On Palau, a new national Complete Streets project promoting walkability is using trees and greenspace to improve health and wellness, promote commercial activity, and adapt to and mitigate climate change effects such as increased temperatures and flooding. The government has introduced three pilot projects in strategic areas around the nation’s islands to redesign road corridors to promote walking and bike riding.
“The idea is to make these areas beautiful and pleasant so people want to get out of their cars and walk,” says Xavier Matsutaro, the national climate change policy coordinator for the Republic of Palau. “Shade is a big part of making these places attractive as well as functional, because the heat can be unbearable during the mid-day here.”
Green design and architecture have proven potential to reduce the urban heat island effect. On Oʻahu, urban areas make up about 25 percent of the island, with roads and buildings covering 50 square miles, according to the Hawai‘i Department of Land and Natural Resources. All of that impervious surface hinders the land’s natural ability to absorb and infiltrate rainfall or stormwater and increases the amount of heat absorbed.
One option for reducing impervious surfaces is to install green roofs, which partially or completely add to traditional roofing materials with living green roof systems. They incorporate soil or other growing medium, water drainage and storage layers, waterproofing materials, and a vegetation layer on top.
Dr. Andrew Kaufman, a professor and landscape specialist with the Department of Tropical Plant and Soil Sciences at the University of Hawai‘i at Mānoa, says that green roofs are an untapped resource for reducing heat, driving down energy costs, and providing a wide range of environmental and human health benefits in urban areas.
Kaufman has been developing what he calls “ecosheds” that incorporate different green roof systems along with “living walls” using trays with soil or a compressed peat material on the outside of the home that are much cooler than regular shingled houses (about 6 to 9 degrees). Kaufman says the ecosheds systems may cool the surrounding environment as well.
“Vegetation is going to be a very important tool for Hawai‘i, and the world, to reduce the effects of heat,” Kaufman said. “With climate change, things are just becoming more intense.”
Standing Up for Trees
While Hawai‘i’s relatively mild island climate currently provides a buffer from the worst effects of rising temperatures, episodic heat waves are likely to increase in the future.
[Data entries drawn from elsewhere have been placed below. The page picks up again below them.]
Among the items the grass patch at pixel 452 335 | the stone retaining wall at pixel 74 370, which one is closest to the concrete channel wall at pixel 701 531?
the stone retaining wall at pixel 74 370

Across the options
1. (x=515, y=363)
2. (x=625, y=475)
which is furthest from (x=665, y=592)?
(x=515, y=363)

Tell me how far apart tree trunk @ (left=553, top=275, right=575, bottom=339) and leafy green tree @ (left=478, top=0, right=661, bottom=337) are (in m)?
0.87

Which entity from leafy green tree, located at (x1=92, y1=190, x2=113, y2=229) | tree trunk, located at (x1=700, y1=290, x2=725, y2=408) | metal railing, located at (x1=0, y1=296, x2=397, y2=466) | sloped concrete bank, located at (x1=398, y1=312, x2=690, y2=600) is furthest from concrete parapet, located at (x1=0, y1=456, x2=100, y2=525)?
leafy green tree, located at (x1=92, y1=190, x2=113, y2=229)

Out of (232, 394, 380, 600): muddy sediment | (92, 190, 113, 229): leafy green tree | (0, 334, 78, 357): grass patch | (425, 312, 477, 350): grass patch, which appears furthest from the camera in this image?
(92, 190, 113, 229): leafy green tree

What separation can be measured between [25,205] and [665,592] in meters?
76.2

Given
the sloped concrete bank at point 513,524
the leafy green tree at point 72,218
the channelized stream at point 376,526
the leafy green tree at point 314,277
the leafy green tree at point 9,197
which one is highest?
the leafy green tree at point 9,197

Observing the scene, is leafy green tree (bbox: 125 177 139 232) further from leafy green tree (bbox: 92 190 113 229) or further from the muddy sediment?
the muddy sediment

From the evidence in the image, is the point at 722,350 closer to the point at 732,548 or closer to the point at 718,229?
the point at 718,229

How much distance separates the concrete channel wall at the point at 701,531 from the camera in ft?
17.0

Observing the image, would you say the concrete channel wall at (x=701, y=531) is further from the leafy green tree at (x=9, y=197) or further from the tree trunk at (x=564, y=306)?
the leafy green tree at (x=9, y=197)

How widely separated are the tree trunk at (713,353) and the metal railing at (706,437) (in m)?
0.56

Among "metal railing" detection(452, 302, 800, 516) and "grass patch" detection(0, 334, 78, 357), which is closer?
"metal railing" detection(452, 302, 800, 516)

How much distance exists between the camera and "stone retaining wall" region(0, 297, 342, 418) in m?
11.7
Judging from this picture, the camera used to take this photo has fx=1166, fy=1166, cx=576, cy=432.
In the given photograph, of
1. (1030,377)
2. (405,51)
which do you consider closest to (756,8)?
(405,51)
Planting trees and expanding the use of green design techniques will be crucial in ensuring that urban areas remain livable into the future.
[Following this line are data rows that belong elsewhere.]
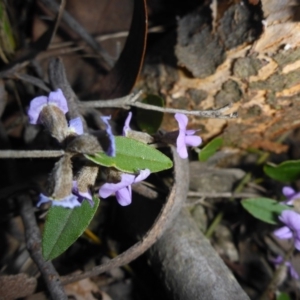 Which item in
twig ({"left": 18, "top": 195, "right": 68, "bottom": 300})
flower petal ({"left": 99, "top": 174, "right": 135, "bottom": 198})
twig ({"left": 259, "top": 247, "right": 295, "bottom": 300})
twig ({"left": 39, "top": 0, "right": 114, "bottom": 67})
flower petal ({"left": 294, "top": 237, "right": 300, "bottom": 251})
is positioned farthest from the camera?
twig ({"left": 39, "top": 0, "right": 114, "bottom": 67})

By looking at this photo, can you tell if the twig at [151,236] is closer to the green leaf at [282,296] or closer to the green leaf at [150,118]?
the green leaf at [150,118]

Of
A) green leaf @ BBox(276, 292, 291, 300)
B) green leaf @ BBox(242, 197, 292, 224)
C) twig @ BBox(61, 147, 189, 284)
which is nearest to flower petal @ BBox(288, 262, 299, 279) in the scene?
green leaf @ BBox(276, 292, 291, 300)

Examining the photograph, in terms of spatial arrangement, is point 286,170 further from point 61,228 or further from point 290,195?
point 61,228

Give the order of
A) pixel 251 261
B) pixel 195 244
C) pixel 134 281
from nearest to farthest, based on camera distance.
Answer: pixel 195 244
pixel 134 281
pixel 251 261

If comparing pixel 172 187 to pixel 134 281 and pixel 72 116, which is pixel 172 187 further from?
pixel 134 281

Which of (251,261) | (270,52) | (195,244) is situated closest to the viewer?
(270,52)

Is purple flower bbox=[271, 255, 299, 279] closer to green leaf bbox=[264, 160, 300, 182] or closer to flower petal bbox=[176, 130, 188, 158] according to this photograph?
green leaf bbox=[264, 160, 300, 182]

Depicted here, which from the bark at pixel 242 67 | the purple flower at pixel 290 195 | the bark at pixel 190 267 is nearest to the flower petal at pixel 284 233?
the purple flower at pixel 290 195

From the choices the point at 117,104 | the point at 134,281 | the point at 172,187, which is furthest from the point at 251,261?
the point at 117,104
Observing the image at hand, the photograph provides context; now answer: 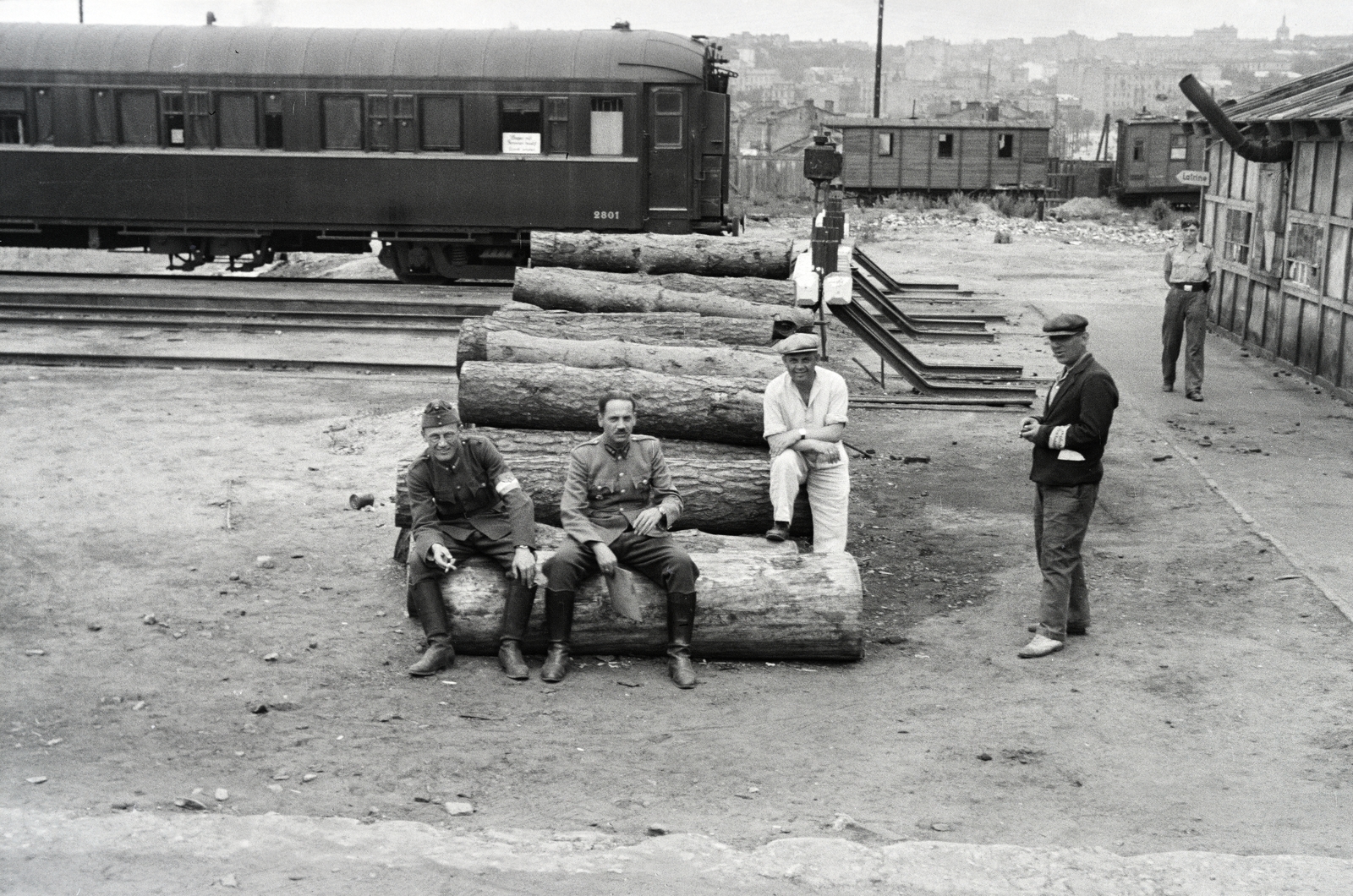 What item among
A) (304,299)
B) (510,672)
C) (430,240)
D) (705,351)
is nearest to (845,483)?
(705,351)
Rivera encourages citizens to get involved in advocating for the urban tree canopy by joining the Citizen Forester Program, or simply being a voice for urban trees by showing up to public meetings and writing to their local officials.
“A few passionate people can make a change,” Rivera says. “Decision-makers will listen to people who have something to say. It’s important to be a loud voice in the room letting them know that trees are important.”
*The heat index combines relative humidity with the actual air temperature as a measure of what the temperature feels like to the human body. For example, high levels of humidity can make a 90-degree day feel like it is well over 100.